*TASK DATA*.
* * *

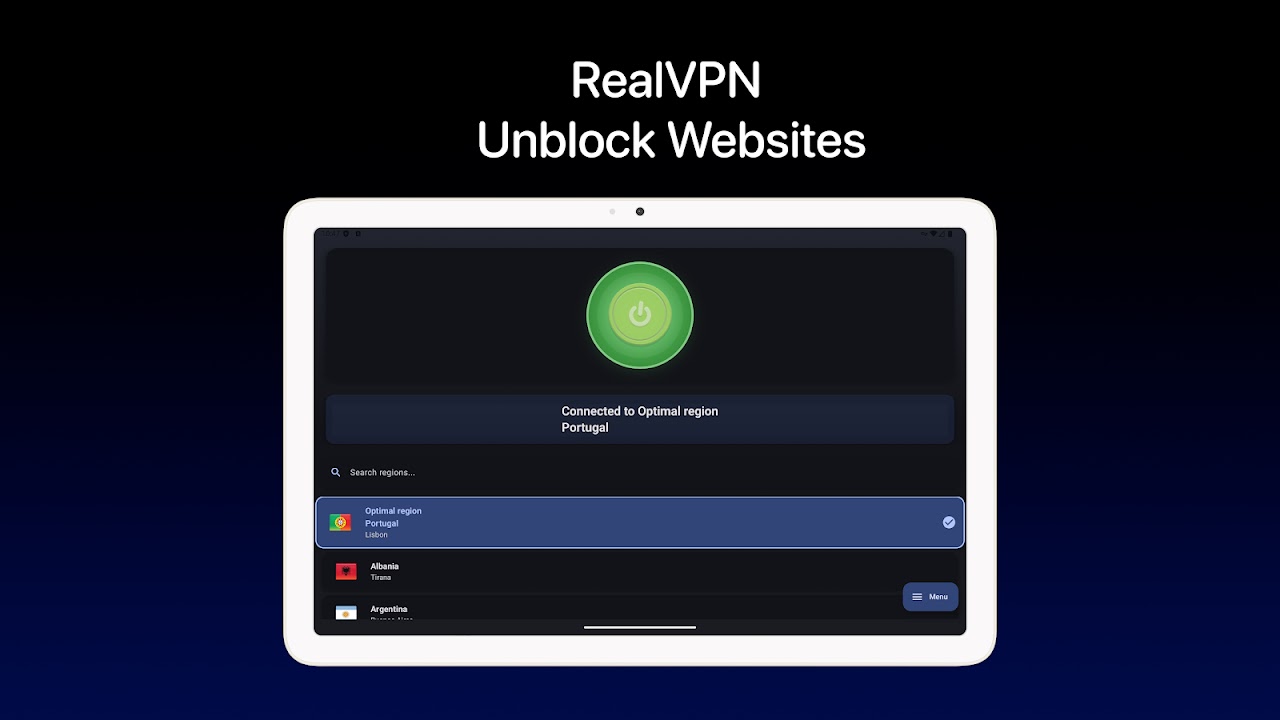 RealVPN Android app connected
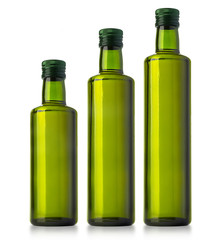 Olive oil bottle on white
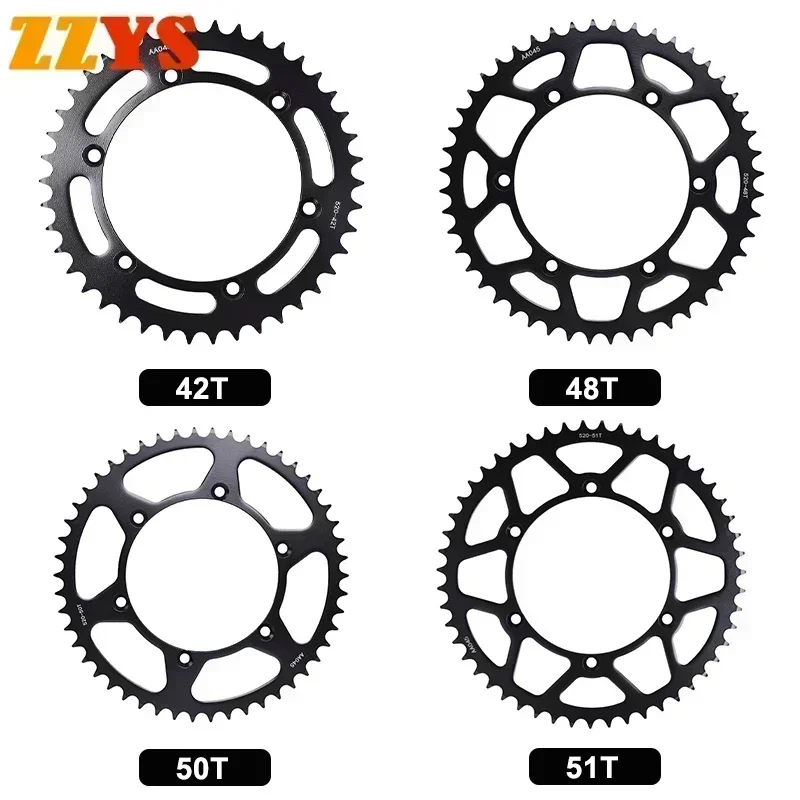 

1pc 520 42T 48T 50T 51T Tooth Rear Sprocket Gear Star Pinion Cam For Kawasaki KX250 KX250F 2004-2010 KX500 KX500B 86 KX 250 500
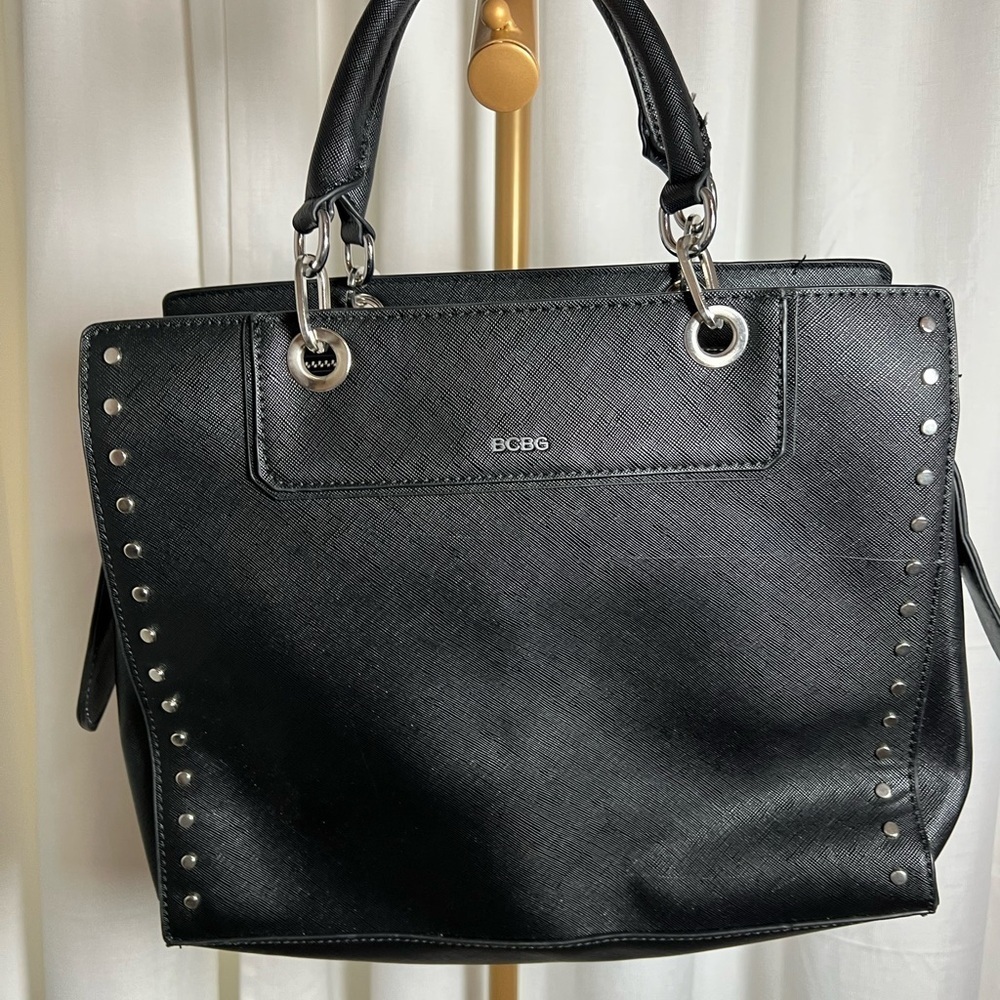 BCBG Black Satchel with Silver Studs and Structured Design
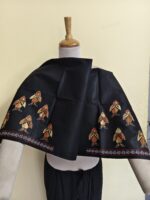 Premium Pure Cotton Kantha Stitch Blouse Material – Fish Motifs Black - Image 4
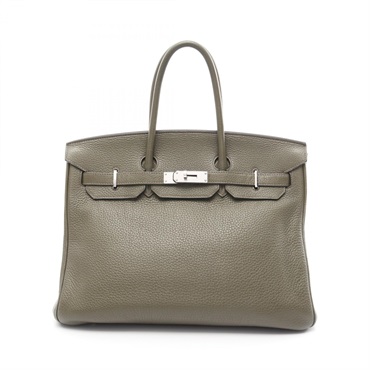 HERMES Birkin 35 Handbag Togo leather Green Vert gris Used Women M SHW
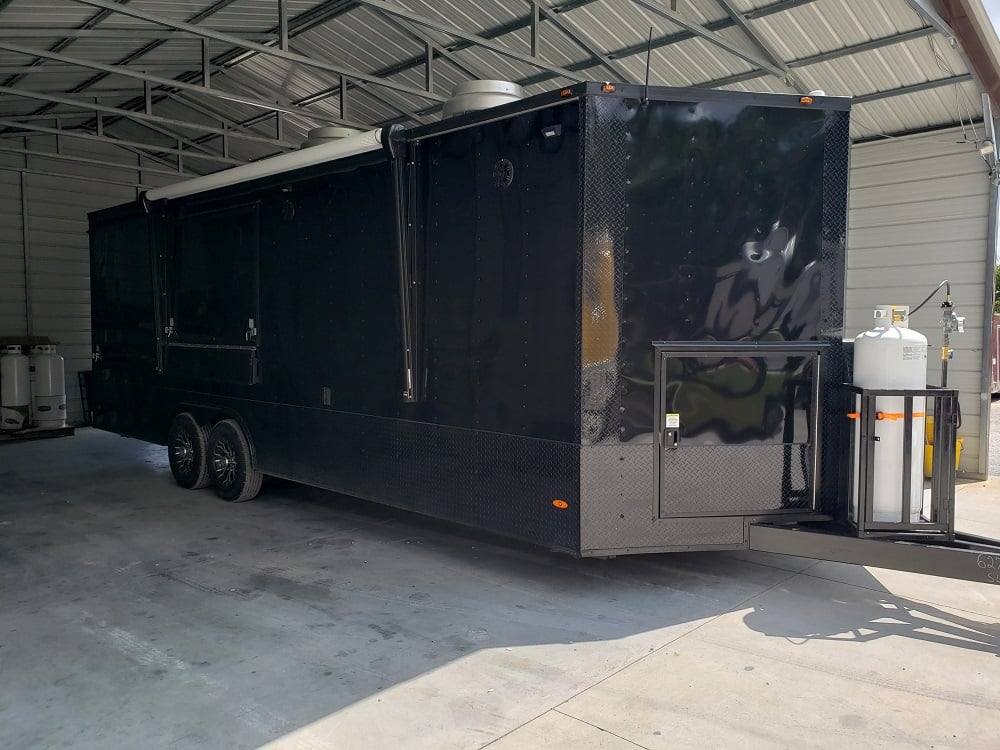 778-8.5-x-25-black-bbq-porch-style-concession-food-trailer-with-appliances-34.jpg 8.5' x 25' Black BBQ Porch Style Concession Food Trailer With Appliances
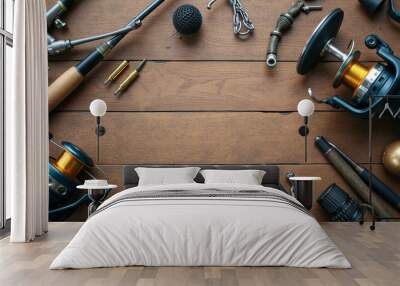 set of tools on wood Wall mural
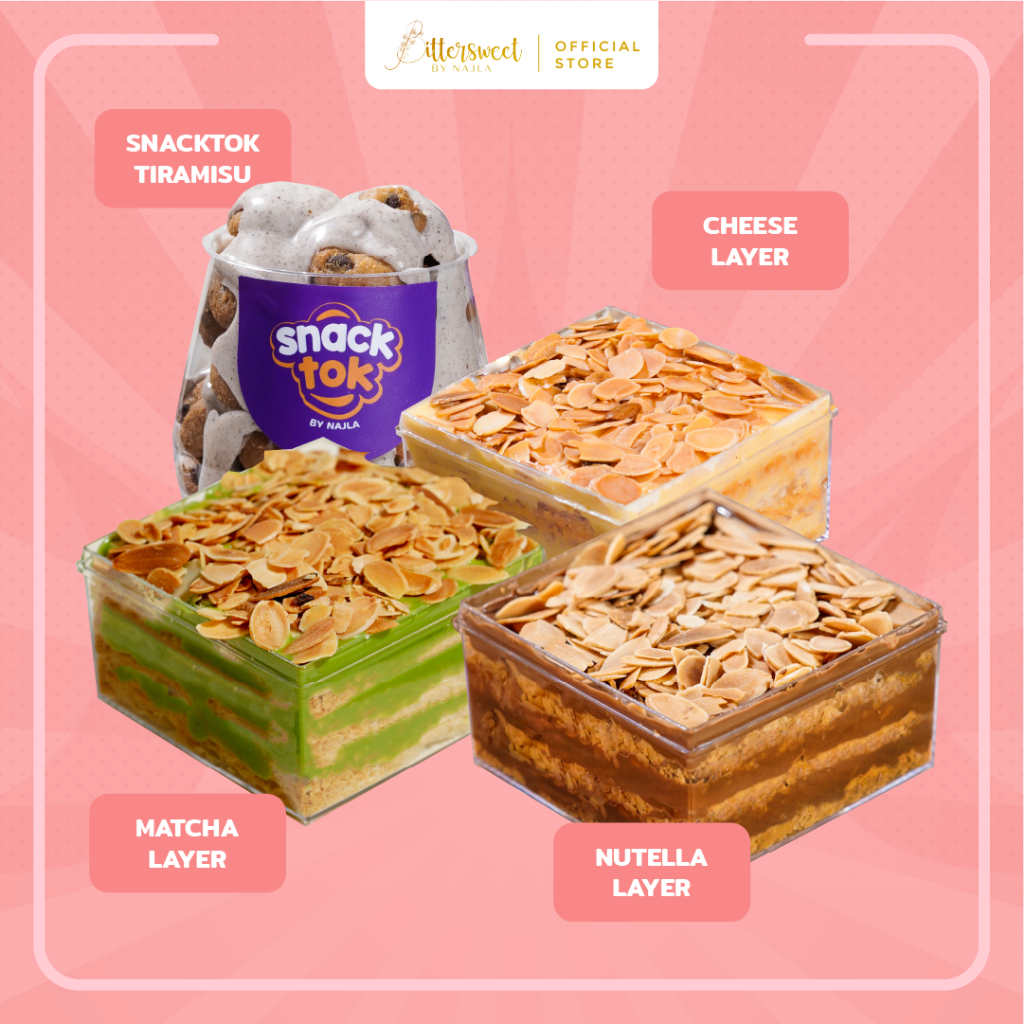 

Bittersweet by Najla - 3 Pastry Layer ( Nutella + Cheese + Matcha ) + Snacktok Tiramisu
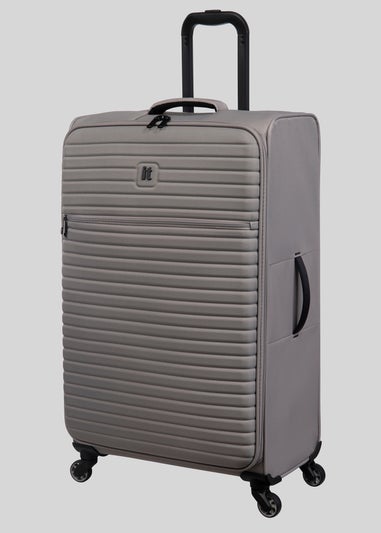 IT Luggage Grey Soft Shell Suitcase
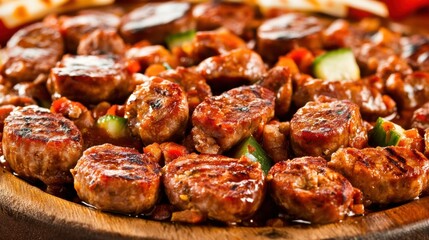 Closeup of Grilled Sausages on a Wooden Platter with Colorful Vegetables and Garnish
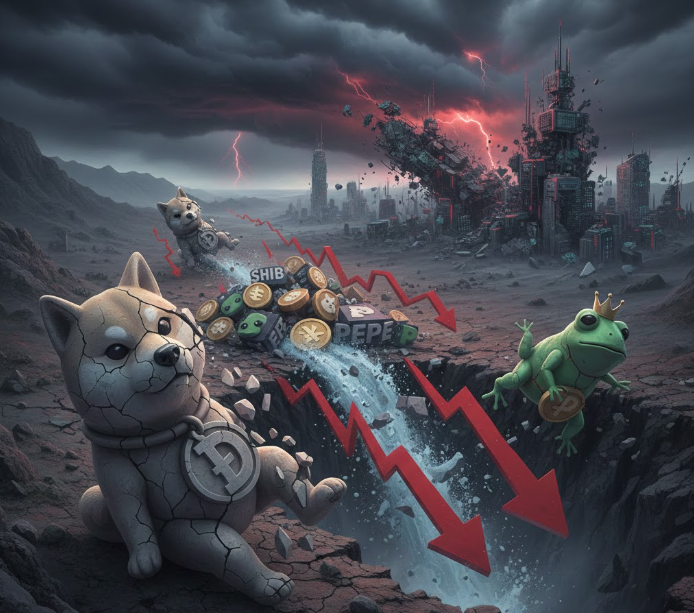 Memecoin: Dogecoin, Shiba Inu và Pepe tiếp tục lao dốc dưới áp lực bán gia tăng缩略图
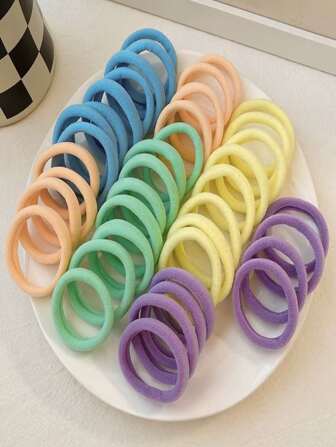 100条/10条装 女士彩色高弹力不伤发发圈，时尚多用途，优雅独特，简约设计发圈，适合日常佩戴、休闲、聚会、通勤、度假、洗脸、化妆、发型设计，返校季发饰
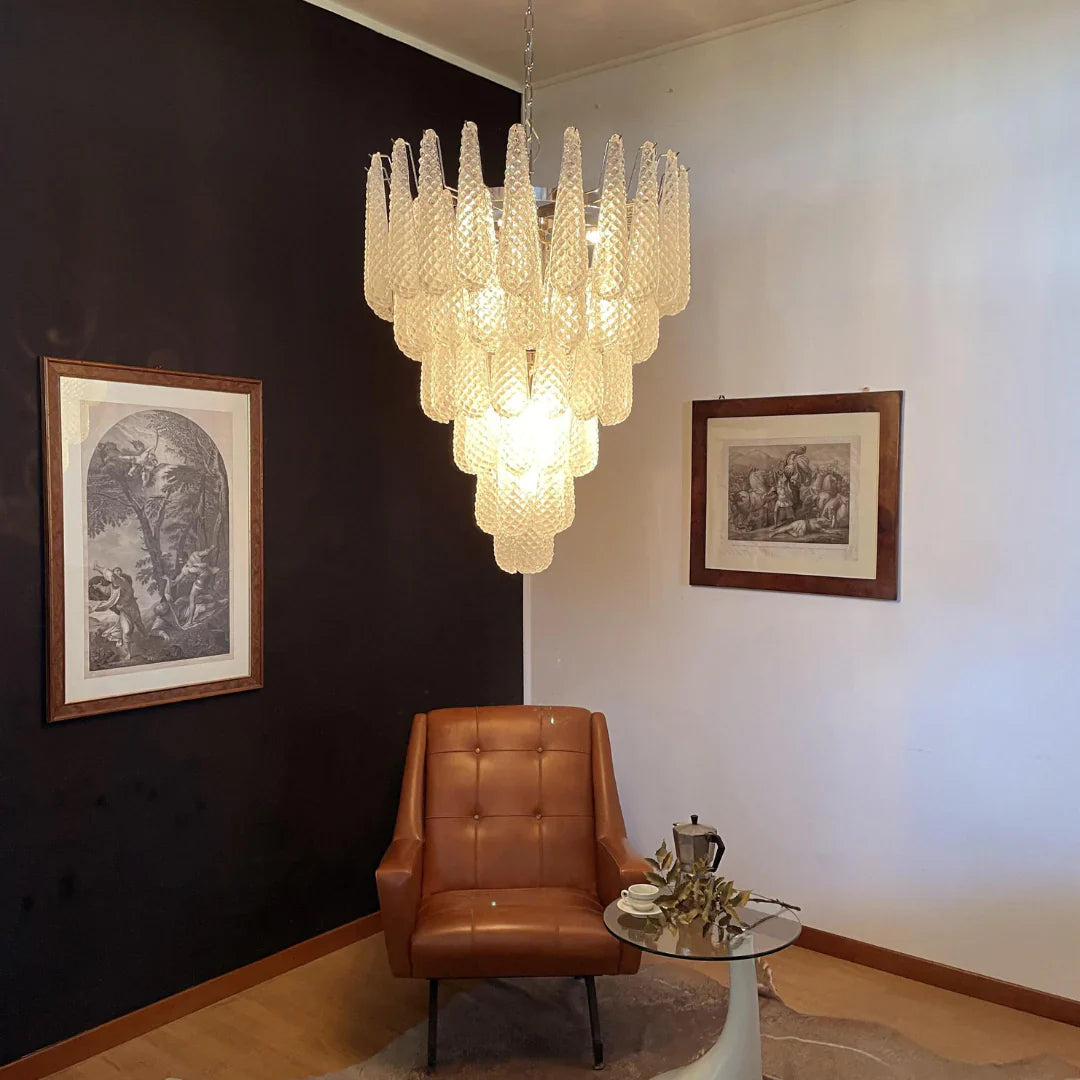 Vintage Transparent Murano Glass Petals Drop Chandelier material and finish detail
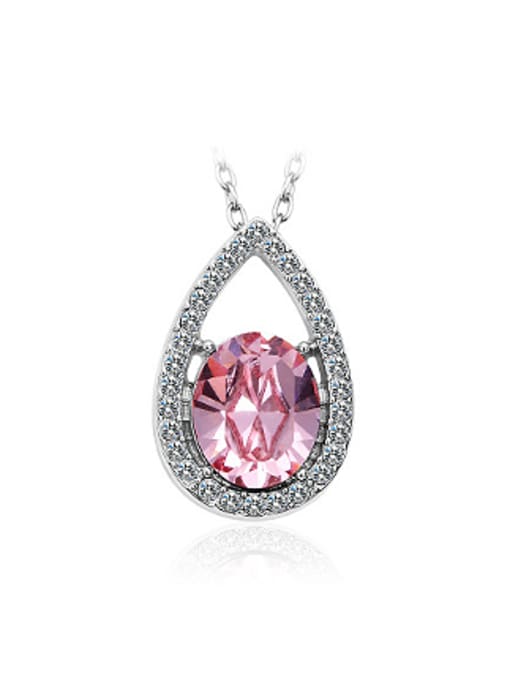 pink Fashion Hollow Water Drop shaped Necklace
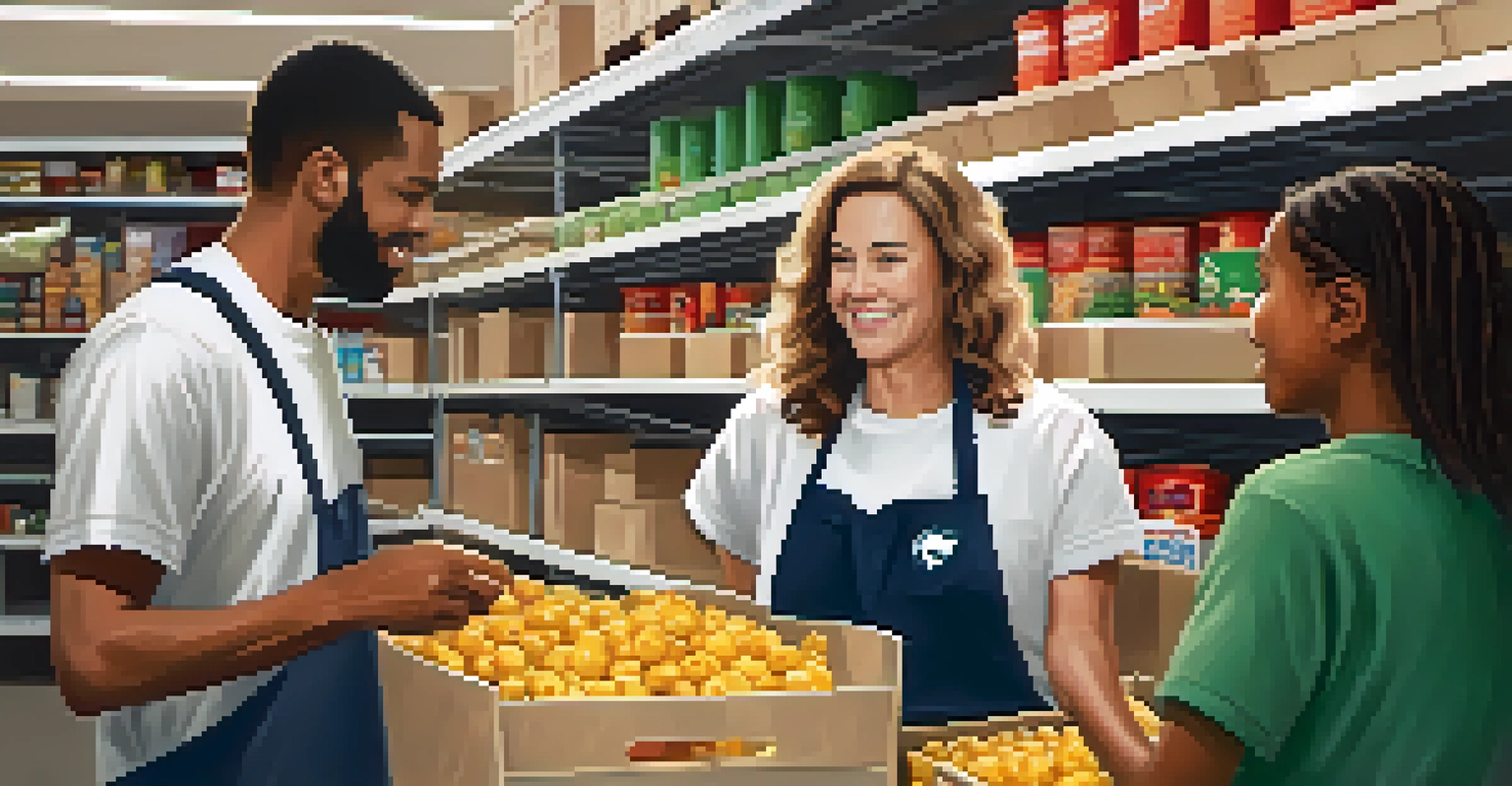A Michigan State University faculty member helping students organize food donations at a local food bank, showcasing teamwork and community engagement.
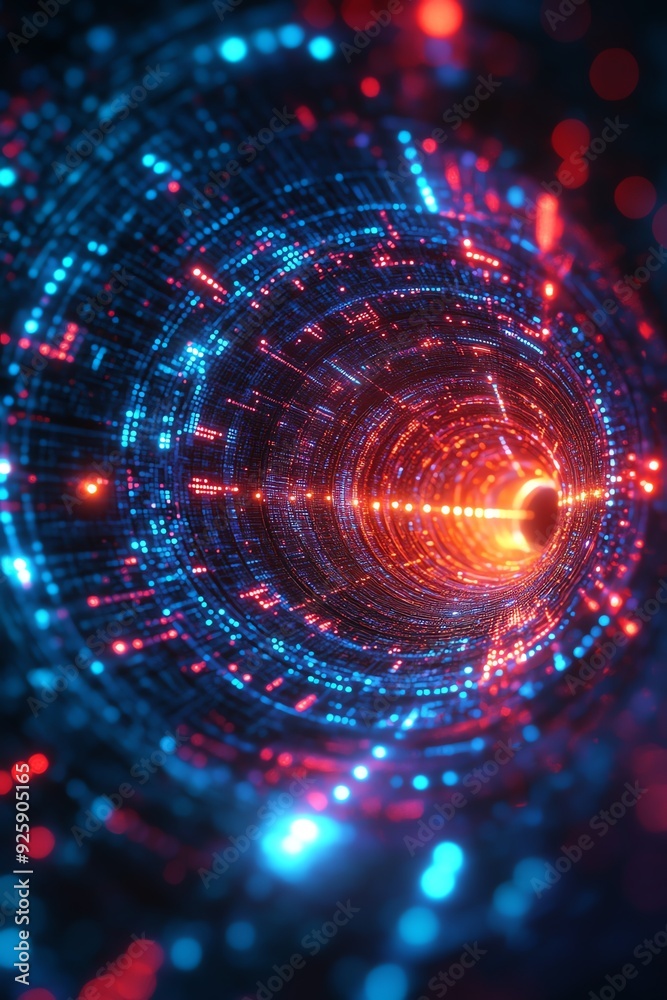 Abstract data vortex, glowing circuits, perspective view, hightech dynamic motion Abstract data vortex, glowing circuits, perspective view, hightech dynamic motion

* * *

*TASK STATEMENT*.
Each line above from the one containing "BCBG Black Satchel" through the one containing "100条/10条装 女士彩色" is to be returned verbatim. Nothing else, and no pictures.

*SOLUTION*.
 BCBG Black Satchel with Silver Studs and Structured Design
 Premium Pure Cotton Kantha Stitch Blouse Material – Fish Motifs Black - Image 4
 HERMES Birkin 35 Handbag Togo leather Green Vert gris Used Women M SHW
 778-8.5-x-25-black-bbq-porch-style-concession-food-trailer-with-appliances-34.jpg 8.5' x 25' Black BBQ Porch Style Concession Food Trailer With Appliances
 set of tools on wood Wall mural

Bittersweet by Najla - 3 Pastry Layer ( Nutella + Cheese + Matcha ) + Snacktok Tiramisu
 IT Luggage Grey Soft Shell Suitcase
 Closeup of Grilled Sausages on a Wooden Platter with Colorful Vegetables and Garnish
 Memecoin: Dogecoin, Shiba Inu và Pepe tiếp tục lao dốc dưới áp lực bán gia tăng缩略图
 100条/10条装 女士彩色高弹力不伤发发圈，时尚多用途，优雅独特，简约设计发圈，适合日常佩戴、休闲、聚会、通勤、度假、洗脸、化妆、发型设计，返校季发饰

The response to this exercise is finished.